In an article for Ladies’ Home Journal, the left-wing writer Edward Bellamy imagined that a time traveler from the year 2000 would be aghast to see the America of 1894 celebrating Christmas at all. Bellamy’s visitor wakes on Christmas day to the familiar sounds of pealing bells and jubilant crowds. Yet when he ventures outside, he is perplexed to find “on every hand the contrast of pomp and poverty, the full and the hungry, the clothed and the naked — the picture that broke Christ’s heart.” If nineteenth-century Americans were to recognize Christmas as the people’s “great emancipation day,” he concludes, it would lead “to the instantaneous overthrow of the whole order of things, and the breaking into fragments of every human yoke.”

Consider, for a moment, the opposite scenario: Bellamy transported to Christmas Day, 2023. He’d likely be horrified to arrive in what many have termed a “Second Gilded Age,” with figures like Jeff Bezos and Elon Musk standing in for the Carnegies and the Rockefellers. He’d see Americans celebrating an apolitical Christmas, rooted in a set of traditions popularized by nineteenth-century advertisers. He might even be eager to return to his own time, where — as the historian Janine Giordano Drake shows in her new book, The Gospel of Church — far more people shared his revolutionary vision for the holiday.

Come All Ye Faithful

Only 46 percent of Americans belonged to a church in 2022, and the numbers have been in decline for decades. The Right often identifies that drop as a malignant trend — but if dwindling church attendance represents a crisis of faith, this crisis was far more acute over a century ago. In 1890, a Congressional census revealed that just 22.5 percent of Americans were registered with a Christian church, and that a plurality of churchgoers were Catholics. “Few appreciate how we have become a non-churchgoing-people,” lamented the Protestant clergyman Josiah Strong.

Today, rich Americans are the least likely to attend church. During the Gilded Age, Drake points out, the opposite was true. The old Protestant denominations were the icy, exclusive domains of upper- and middle-class WASPs; they had scant contact with the working class aside from charitable giving, which Andrew Carnegie’s popular “Gospel of Wealth” cast as the divine justification for the existence of the rich. When those born outside the traditional elite gained entry into these churches, it was a mark of social advancement. Drake quotes a Southern adage: “A Methodist is a Baptist who wears shoes; a Presbyterian is a Methodist who has gone to college; an Episcopalian is a Presbyterian who lives off his investments.”

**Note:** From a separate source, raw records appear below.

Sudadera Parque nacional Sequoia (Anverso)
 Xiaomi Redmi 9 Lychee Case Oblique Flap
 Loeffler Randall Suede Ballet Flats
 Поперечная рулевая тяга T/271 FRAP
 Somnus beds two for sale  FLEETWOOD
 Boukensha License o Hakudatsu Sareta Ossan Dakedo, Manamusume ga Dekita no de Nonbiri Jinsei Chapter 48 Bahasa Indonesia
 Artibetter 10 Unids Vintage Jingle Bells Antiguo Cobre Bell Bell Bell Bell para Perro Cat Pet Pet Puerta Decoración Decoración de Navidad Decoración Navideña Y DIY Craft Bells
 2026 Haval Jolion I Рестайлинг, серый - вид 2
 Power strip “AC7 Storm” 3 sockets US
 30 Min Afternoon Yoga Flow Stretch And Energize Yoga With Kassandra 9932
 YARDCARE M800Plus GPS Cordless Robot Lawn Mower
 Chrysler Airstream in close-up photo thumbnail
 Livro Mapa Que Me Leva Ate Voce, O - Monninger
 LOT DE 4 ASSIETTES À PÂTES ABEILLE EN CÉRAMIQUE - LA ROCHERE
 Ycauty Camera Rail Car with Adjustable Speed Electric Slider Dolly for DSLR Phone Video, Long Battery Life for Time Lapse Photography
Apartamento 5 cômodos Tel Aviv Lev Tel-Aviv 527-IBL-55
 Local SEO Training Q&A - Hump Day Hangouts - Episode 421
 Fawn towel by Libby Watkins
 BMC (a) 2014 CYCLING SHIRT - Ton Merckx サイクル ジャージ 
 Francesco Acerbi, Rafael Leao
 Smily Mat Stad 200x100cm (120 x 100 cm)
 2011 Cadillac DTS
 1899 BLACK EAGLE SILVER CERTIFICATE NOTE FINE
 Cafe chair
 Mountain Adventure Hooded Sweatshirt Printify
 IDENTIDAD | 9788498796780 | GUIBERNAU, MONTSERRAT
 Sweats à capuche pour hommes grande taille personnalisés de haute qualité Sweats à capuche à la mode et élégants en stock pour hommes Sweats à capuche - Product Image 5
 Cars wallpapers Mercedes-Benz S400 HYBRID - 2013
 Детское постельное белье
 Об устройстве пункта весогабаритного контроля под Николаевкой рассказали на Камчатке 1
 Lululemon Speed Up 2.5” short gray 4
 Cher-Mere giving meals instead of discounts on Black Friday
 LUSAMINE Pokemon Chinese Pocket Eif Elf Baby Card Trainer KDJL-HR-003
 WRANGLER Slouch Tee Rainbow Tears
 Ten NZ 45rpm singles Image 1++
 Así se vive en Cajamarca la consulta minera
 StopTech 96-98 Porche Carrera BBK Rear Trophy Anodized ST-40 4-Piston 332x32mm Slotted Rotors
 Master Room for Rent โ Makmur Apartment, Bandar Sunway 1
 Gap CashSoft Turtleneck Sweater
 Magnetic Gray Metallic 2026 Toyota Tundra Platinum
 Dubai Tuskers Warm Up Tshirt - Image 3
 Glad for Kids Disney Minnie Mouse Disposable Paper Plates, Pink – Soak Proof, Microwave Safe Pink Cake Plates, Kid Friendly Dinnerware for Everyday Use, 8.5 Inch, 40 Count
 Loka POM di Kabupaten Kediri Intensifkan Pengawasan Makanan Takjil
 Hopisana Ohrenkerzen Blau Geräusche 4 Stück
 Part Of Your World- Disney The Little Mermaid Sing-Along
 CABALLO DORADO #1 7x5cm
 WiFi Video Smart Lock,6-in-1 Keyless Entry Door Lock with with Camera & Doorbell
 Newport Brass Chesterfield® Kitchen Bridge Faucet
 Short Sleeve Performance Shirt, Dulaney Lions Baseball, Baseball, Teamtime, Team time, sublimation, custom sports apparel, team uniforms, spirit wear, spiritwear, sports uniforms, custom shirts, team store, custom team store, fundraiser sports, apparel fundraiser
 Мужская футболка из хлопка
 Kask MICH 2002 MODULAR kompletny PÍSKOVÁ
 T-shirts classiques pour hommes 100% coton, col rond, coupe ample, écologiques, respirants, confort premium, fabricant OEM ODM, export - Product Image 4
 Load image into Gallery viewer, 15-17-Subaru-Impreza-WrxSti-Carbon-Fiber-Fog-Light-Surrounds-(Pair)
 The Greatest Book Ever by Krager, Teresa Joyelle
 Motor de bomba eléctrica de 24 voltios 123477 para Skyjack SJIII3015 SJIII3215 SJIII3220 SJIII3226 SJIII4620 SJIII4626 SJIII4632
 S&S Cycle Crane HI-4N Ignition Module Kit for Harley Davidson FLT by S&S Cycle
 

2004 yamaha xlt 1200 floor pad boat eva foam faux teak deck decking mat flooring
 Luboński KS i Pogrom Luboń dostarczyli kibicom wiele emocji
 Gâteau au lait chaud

Yet the non-churchgoing working class was anything but secular. The nineteenth century had reshaped the country’s geography, and many poor Americans found themselves living on the frontier and in the slums of industrial cities — places where there were few established churches to join. In these vacuums of religious authority, an alternative faith flourished. This faith found one vessel in revivalist sects such as the Pentecostals, whose itinerant preachers empowered working-class Christians to channel the divine by healing each other, making prophecies, and speaking in tongues. It found another, Drake argues, in a subversive understanding of Jesus, one that reimagined him as “a poor carpenter, a labor organizer, and advocate of anti-imperial working class revolution.”

The only church for this Jesus was the socialist movement. Political groups like the Knights of Labor and left-wing periodicals like Appeal to Reason already invoked a working-class Christ, quoting his Sermon on the Mount as a condemnation of greed and a cry of solidarity. Protestant ministers such as W. D. P. Bliss and Herbert Casson sympathized, and in the 1890s they began establishing “Labor churches” across the country. These were not ordinary churches: Bliss’s Boston congregation lived together, studied scripture together, ran a business together, and marched for workers together. Their goal was to model a new society, a shining Christian commonwealth — and to universalize that society through socialist politics.

This was an implicitly millenarian project, gazing past the charitable acts of “Churchianity” and toward the grand arrival of God’s kingdom. Yet crucially, it was a postmillennial one, in that it enjoined the faithful to build a just world as a precondition for Christ’s return. Radical Christians were to engage in politics, not withdraw from it. “It is utter nonsense to preach the gospel of individual conversation without adding the gospel of social regeneration,” as Casson wrote.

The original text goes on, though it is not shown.